Esther A.M. Kuijper, M.D., Ph.D., Jos W.R. Twisk, Ph.D., Ted Korsen, Mirte R. Caanen, M.D., Mark M. Kushnir, Ph.D., Alan L. Rockwood, Ph.D., A. Wayne Meikle, M.D., Peter G. Hompes, M.D., Ph.D., Jan M. Wit, M.D., Ph.D., Cornelis B. Lambalk, M.D., Ph.D.
Volume 104, Issue 6, Pages 1527-1534
To answer the questions: Are perinatal reproductive hormone profiles different in case of a twin compared with a singleton pregnancy? Are reproductive endocrine profiles of twin girls influenced by their male co-twin and vice versa?
Prospective cohort study from January 2004 to October 2009.
A total of 204 mothers of twins and 248 singleton control subjects, aged >18 years, pregnant with a twin or singleton and no endocrine disease or malignancy.
Blood samples were collected at mid-gestation from the mother and at delivery from the mothers and the umbilical cords. Estrogens, androgens, SHBG, progesterone, and gonadotropins were measured.
Main Outcome Measure(s):
Hormonal profiles were compared between singletons and twins, different types of twins, and opposite-sex and same-sex twins.

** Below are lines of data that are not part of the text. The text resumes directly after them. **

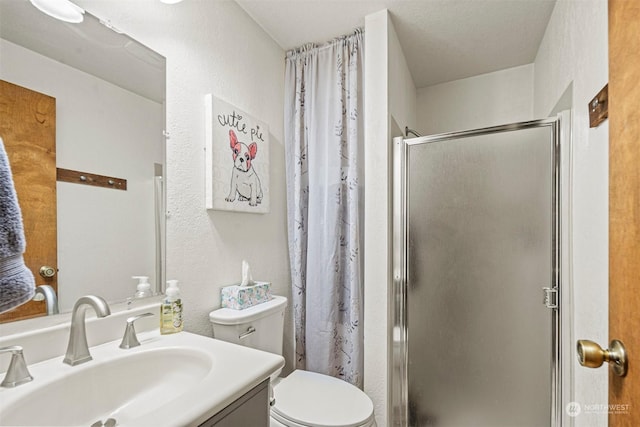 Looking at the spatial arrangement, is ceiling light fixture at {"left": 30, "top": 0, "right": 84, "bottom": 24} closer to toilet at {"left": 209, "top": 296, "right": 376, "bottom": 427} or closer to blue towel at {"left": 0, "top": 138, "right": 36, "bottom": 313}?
blue towel at {"left": 0, "top": 138, "right": 36, "bottom": 313}

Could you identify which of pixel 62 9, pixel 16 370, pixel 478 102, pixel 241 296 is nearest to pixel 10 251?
pixel 16 370

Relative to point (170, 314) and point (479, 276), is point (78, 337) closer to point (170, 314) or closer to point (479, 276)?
point (170, 314)

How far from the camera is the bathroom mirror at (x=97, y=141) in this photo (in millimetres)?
868

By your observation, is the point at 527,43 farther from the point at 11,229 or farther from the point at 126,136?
the point at 11,229

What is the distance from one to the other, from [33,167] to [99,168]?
0.56 ft

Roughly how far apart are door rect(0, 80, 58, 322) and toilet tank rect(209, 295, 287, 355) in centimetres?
60

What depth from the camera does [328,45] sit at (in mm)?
1922

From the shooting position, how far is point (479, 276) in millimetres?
1548

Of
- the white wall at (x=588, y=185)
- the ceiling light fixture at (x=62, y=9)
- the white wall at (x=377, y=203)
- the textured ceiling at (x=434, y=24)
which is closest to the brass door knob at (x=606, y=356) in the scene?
the white wall at (x=588, y=185)

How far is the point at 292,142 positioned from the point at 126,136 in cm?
101

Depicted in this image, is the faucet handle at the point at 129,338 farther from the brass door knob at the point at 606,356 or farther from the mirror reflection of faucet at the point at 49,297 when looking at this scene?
the brass door knob at the point at 606,356

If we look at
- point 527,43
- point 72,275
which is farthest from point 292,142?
point 527,43

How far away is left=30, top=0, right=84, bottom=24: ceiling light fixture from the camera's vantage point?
89cm

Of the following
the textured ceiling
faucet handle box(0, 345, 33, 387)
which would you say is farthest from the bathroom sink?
the textured ceiling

Estrogen and progesterone concentrations were higher in mothers of twins compared with singletons, but twin babies had lower estrogen and progesterone concentrations at birth. Opposite-sex twin girls did not have higher androgens in cord blood compared with same-sex twin girls. Boys of an opposite-sex twin had lower LH concentrations compared with dizygotic twin boys.
Children from a twin are not overexposed to sex steroids at the time of birth, despite higher concentrations in their mothers, and girls from opposite sex twins do not show androgenic influences from their male co-twin. The female co-twin may influence the hypothalamic-pituitary-testicular axis of her brother via central inhibition.